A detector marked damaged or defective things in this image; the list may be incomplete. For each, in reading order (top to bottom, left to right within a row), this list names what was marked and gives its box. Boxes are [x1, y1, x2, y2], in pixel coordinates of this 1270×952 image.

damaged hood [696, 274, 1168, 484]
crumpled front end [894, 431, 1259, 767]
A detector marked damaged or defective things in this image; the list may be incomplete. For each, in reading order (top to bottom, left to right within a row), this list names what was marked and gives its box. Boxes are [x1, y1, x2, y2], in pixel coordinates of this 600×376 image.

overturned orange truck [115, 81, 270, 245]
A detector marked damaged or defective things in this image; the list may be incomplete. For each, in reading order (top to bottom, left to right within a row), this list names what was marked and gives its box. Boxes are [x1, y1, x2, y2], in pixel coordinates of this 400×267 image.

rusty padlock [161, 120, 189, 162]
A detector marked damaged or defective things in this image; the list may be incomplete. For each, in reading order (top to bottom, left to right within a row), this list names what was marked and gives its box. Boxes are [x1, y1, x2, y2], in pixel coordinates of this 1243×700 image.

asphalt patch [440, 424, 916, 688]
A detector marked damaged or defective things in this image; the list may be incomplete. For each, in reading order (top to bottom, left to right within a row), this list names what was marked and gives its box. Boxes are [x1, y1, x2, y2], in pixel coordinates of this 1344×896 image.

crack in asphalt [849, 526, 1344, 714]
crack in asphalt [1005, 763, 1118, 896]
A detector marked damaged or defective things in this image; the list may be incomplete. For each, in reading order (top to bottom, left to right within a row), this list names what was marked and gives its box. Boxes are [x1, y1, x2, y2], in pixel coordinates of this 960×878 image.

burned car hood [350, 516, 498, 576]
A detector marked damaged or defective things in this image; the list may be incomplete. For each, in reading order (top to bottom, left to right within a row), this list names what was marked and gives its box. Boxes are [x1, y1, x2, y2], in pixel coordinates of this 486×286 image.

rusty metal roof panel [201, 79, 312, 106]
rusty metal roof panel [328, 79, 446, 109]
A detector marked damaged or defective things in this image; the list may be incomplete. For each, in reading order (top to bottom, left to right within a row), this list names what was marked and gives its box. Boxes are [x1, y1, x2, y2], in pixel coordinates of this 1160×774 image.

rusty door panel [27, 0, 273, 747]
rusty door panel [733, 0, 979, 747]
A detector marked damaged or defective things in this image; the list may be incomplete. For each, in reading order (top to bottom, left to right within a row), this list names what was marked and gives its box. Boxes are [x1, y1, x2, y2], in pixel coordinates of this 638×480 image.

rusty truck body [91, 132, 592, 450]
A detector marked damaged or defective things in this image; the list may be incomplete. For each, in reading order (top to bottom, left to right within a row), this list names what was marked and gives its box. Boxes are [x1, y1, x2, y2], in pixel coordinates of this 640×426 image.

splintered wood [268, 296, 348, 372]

- What to produce -
Your answer should hold the line with "this 960×878 image." and each line after it to the end of the data, retyped exactly. Include no other lines.

- Solution to this problem -
A detector marked damaged or defective things in this image; the list may be incomplete. For each, in reading order (top to bottom, left to right within a row), this list names what was marked and gives its box. Boxes are [x1, y1, x2, y2], in pixel coordinates of this 960×878 image.

burned car hood [350, 516, 498, 576]
A detector marked damaged or defective things in this image; the list may be incomplete. For each, in reading order (top to bottom, left to right within a row), this list names what was marked and gives its box. Boxes are [x1, y1, x2, y2], in pixel coordinates of this 486×286 image.

rusty metal roof panel [201, 79, 312, 106]
rusty metal roof panel [328, 79, 446, 109]
A detector marked damaged or defective things in this image; the list may be incomplete. For each, in reading order (top to bottom, left to right within a row), this list names what was marked and gives its box. Boxes are [x1, y1, x2, y2], in pixel coordinates of this 1160×774 image.

rusty door panel [27, 0, 273, 747]
rusty door panel [733, 0, 979, 747]
A detector marked damaged or defective things in this image; the list may be incomplete. For each, in reading order (top to bottom, left to right within a row), this list names what was marked and gives its box. Boxes are [x1, y1, x2, y2], in pixel coordinates of this 638×480 image.

rusty truck body [91, 132, 592, 450]
A detector marked damaged or defective things in this image; the list may be incomplete. For each, in reading order (top to bottom, left to right within a row), this list names what was marked and gives its box. Boxes are [x1, y1, x2, y2], in pixel coordinates of this 640×426 image.

splintered wood [268, 296, 348, 372]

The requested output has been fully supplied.